Contra la indiferencia que conduce al fascismo
Berta Ares analiza las obras de Roth, con muchas marcas culturales y religiosas. Bucea --y el lector disfrutará--, en La leyenda del santo bebedor, preguntándose qué tipo de libro es exactamente. Y se comprueba los registros y la cultura enorme del escritor, que esperaba la Alemania de Goethe y Shiller y se encontró con la barbarie. Sumido en el alcohol, con sus vasos de pernod siempre presentes en la mesa de los bares de los hoteles en los que escribía, en el Café Tournon de París donde sucumbe tras leer que su amigo Ernst Toller se ha suicidado en Nueva York, --derrotado tras la entrada de las tropas franquistas en Barcelona el 26 de enero de 1939—Roth no puede aceptar que se haya sido indiferente al fascismo. Eso lo mata.
Ares escribe: “Josep Roth, como Hannah Arendt, también pensó que negar la fatalidad, mostrar indiferencia o tener una actitud de parálisis y pasividad ante la conversión de seres humanos en parias fue determinante en el colapso moral que definirá la década de 1930”.
Morirá en París, un año antes de que los nazis entren en la capital francesa, tras el armisticio con Francia, antes del 23 de junio, el día en el que Adolf Hitler se paseó por la ciudad, como si se tratara de un turista.
Quedan sus obras. Roth vive con sus lectores, con sus parábolas y fábulas bíblicas, con esa extraordinaria historia que es Job, Historia de un hombre sencillo. Su Mendel Singer es un arquetipo, la manifestación de que el escritor tuvo un objetivo, y que su amigo, sí, el ‘lúcido’ Zweig –con tanto éxito ahora, con publicaciones constantes de sus obras, de forma merecida—supo ver con claridad.
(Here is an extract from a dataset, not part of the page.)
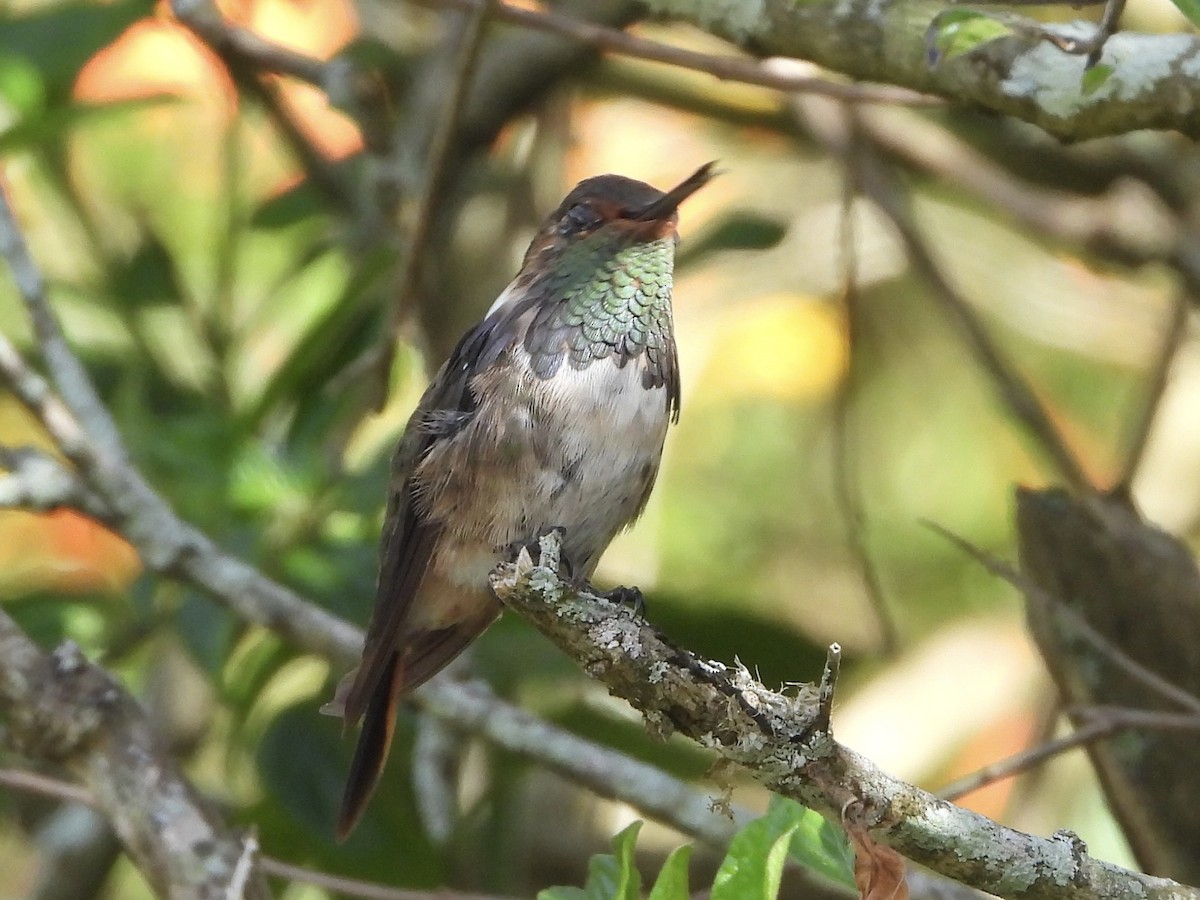 Volcano Hummingbird - ML643086655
Roth expresó con todas sus fuerzas la voluntad de creer en Dios –tal vez todos lo hagamos—y eso fue lo que le movió para escribir sus novelas.
Zweig lo verbalizó: “(La locura de su mujer) Era la primera sacudida de su existencia, y tanto más fatídica cuanto que el hombre ruso que había en él, aquel Karamázov apasionado del sufrimiento del que les hablé, violentamente quiso convertir aquella fatalidad en su culpa personal (…) en su Job había manifestado que la necesidad religiosa y la voluntad de creer en Dios era el elemento más íntimo de su vida creativa”.
Estamos ante un acontecimiento literario. El libro de Berta Ares Yáñez es una guía por el alma de Roth y, al mismo tiempo, un grito, a través del escritor, para alzarse ante la indiferencia, ante el colapso moral que puede llegar de nuevo en la vieja Europa.